Content starts

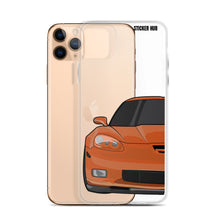 Load image into Gallery viewer, Atomic Orange C6 Corvette Z06 - iPhone Case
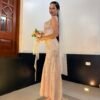 Vestido de novia civil con pedreria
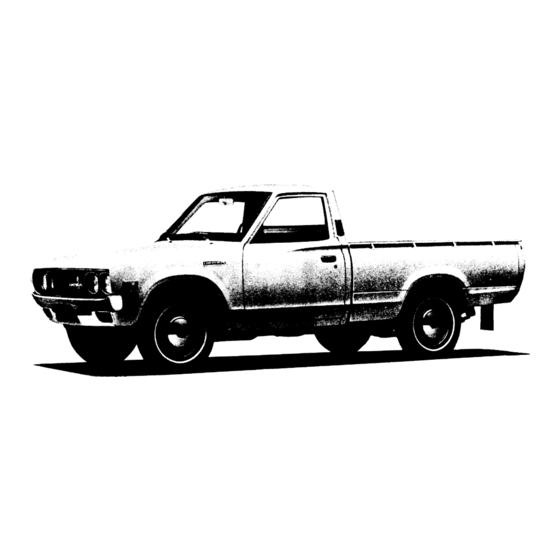 Datsun Pick-Up 1974 Service Manual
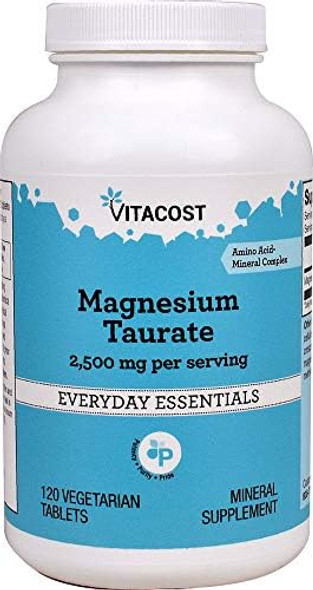 Vitacost Magnesium Taurate - 120 Vegetarian Tablets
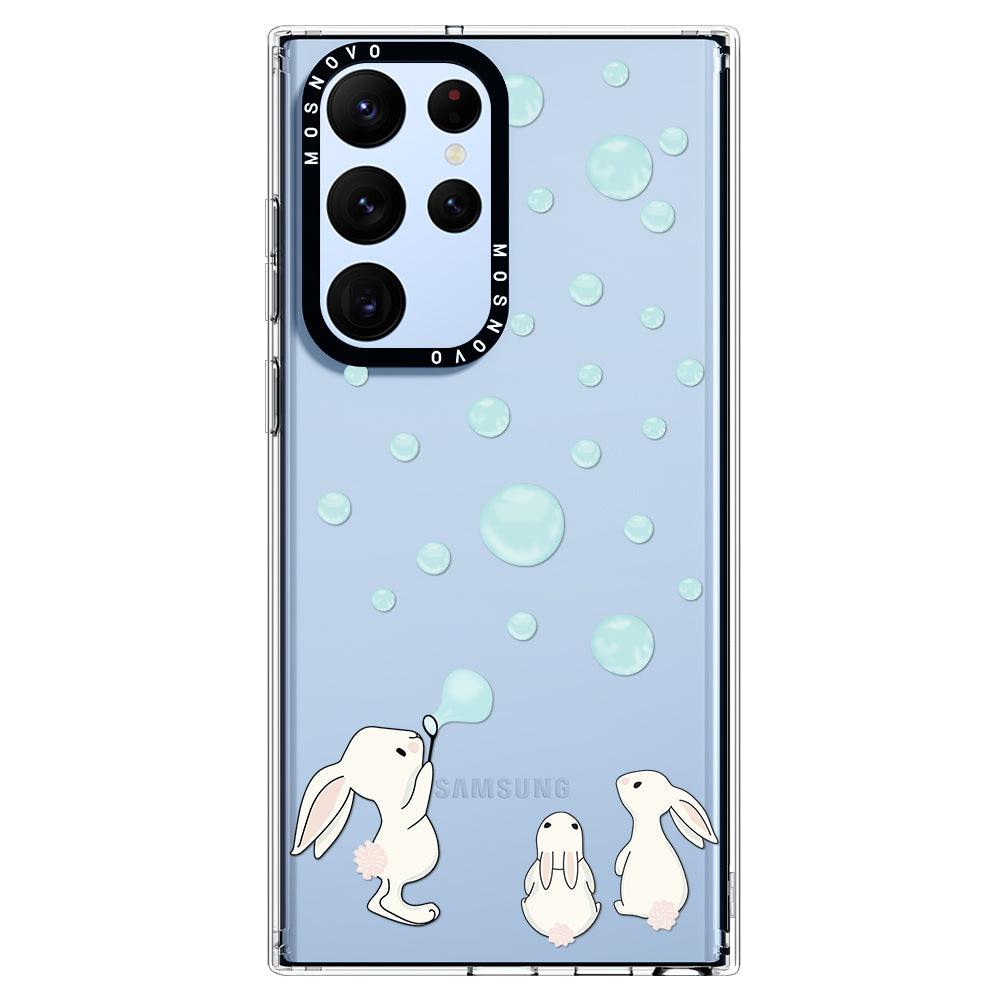 Cute Bunny Phone Case - Samsung Galaxy S22 Ultra Case - MOSNOVO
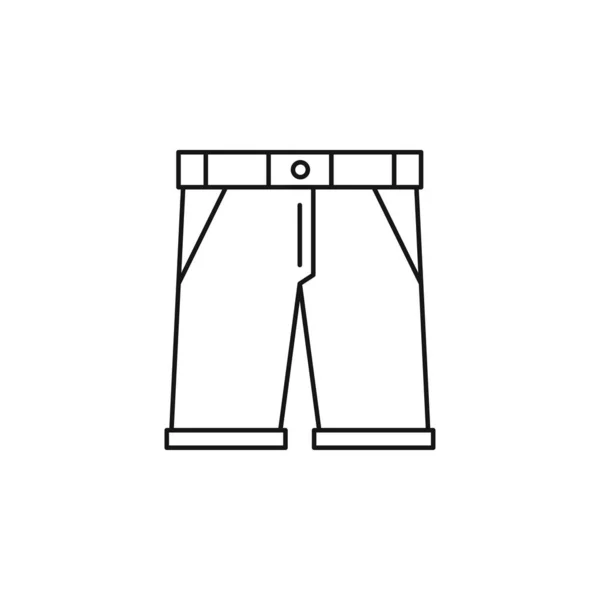 Homens Moda Elegante Jeans Pant Ícone Vetor —  Vetores de Stock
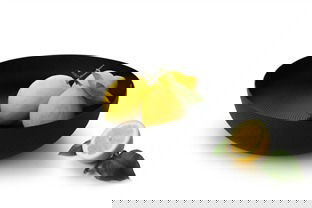 Alessi JM17/29 Cesto Redondo Acero y Resina Negro 29cm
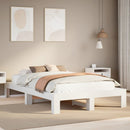 sengeramme uden madras 120x190 cm massivt fyrretræ hvid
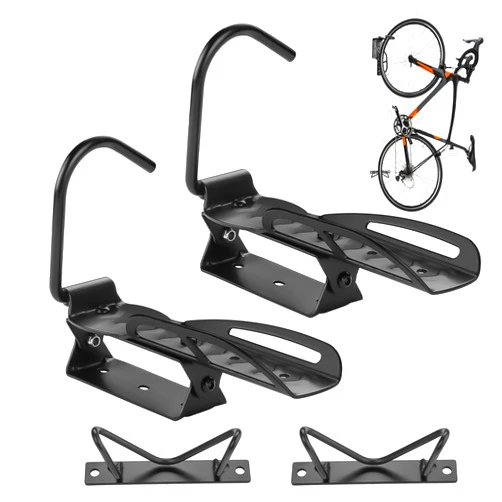 Auwey Swivel Bike Wall Mount 2PACK Bike Rack Garage Rack Bike Storage Rack with Tire Tray Bike Hook Bike Wall Rack Bike Hanger for Garage Storage Vertical Bycicle Hook for Indoor Garage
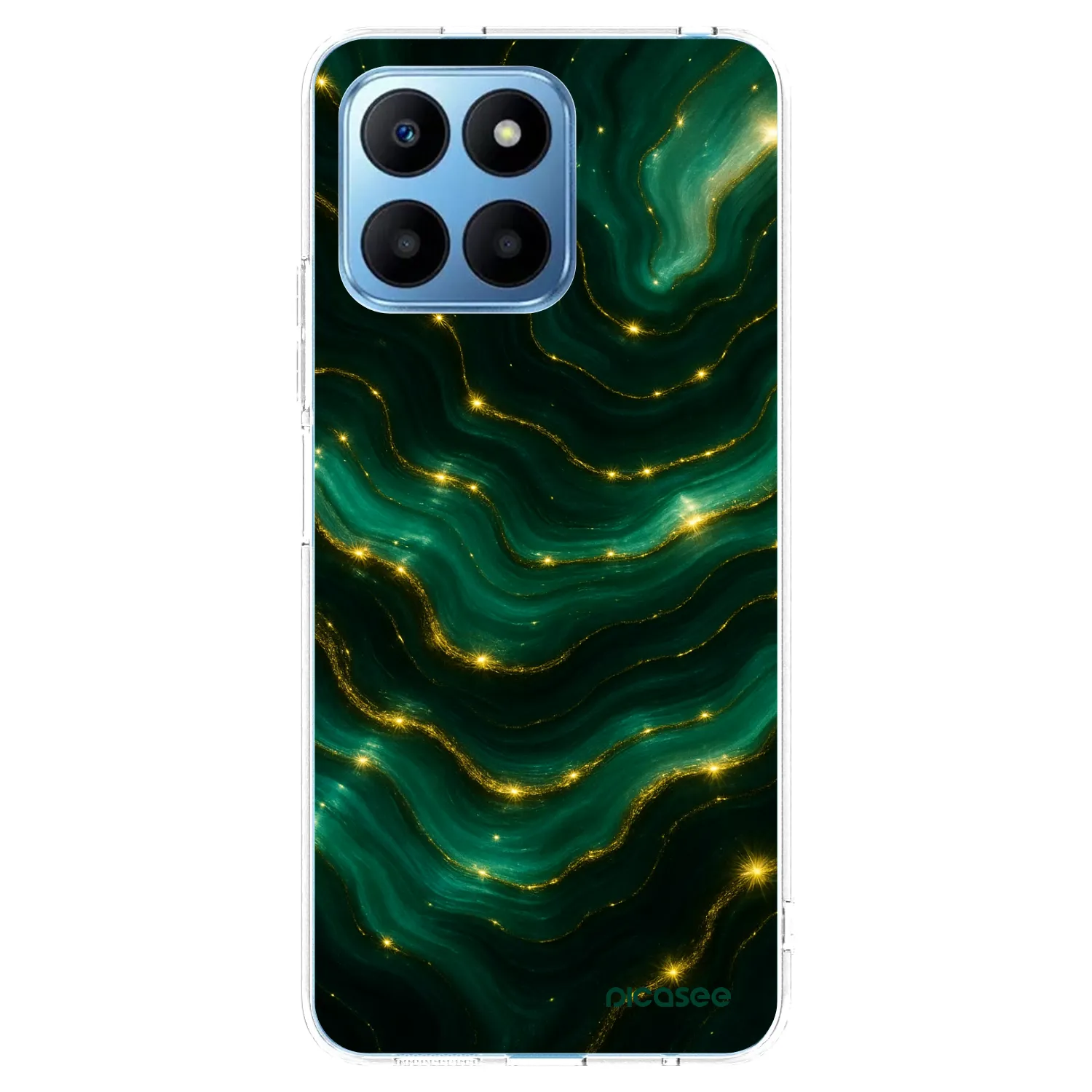 Picasee silikonový průhledný obal pro Honor 70 Lite - Emerald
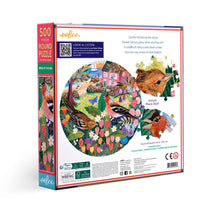 Load image into Gallery viewer, Birds by the Sea 500pc Round Puzzle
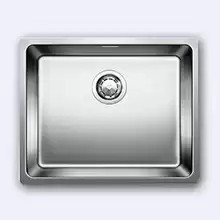 Мойка кухонная Blanco Andano 500-U 540x440 нерж.сталь зеркальная полировка с клапаном-автоматом 518314
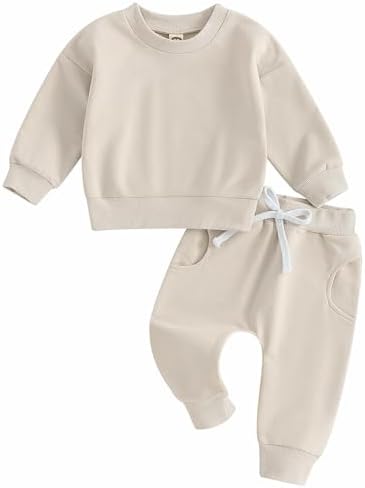 Tiaham Unisex Baby Clothes 2 Piece Sweatshirt Pant Set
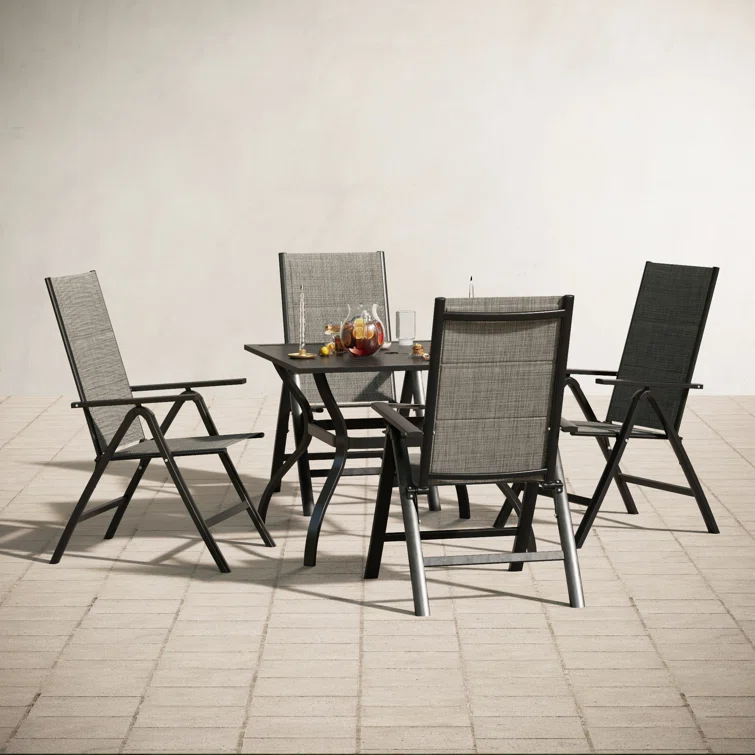 Argyri 4 - Person Square Outdoor Dining Set with Cushions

Content ends

Could you transcribe every entry exactly, leaving out the pictures?

### Response
 Load image into Gallery viewer, Atomic Orange C6 Corvette Z06 - iPhone Case
 Vestido de novia civil con pedreria
 Datsun Pick-Up 1974 Service Manual
 Vitacost Magnesium Taurate - 120 Vegetarian Tablets
 Cute Bunny Phone Case - Samsung Galaxy S22 Ultra Case - MOSNOVO
 Homens Moda Elegante Jeans Pant Ícone Vetor —  Vetores de Stock
 Alessi JM17/29 Cesto Redondo Acero y Resina Negro 29cm
 sengeramme uden madras 120x190 cm massivt fyrretræ hvid
 Auwey Swivel Bike Wall Mount 2PACK Bike Rack Garage Rack Bike Storage Rack with Tire Tray Bike Hook Bike Wall Rack Bike Hanger for Garage Storage Vertical Bycicle Hook for Indoor Garage
 Picasee silikonový průhledný obal pro Honor 70 Lite - Emerald
 Load image into Gallery viewer, Birds by the Sea 500pc Round Puzzle
 Мойка кухонная Blanco Andano 500-U 540x440 нерж.сталь зеркальная полировка с клапаном-автоматом 518314
 Tiaham Unisex Baby Clothes 2 Piece Sweatshirt Pant Set
 Argyri 4 - Person Square Outdoor Dining Set with Cushions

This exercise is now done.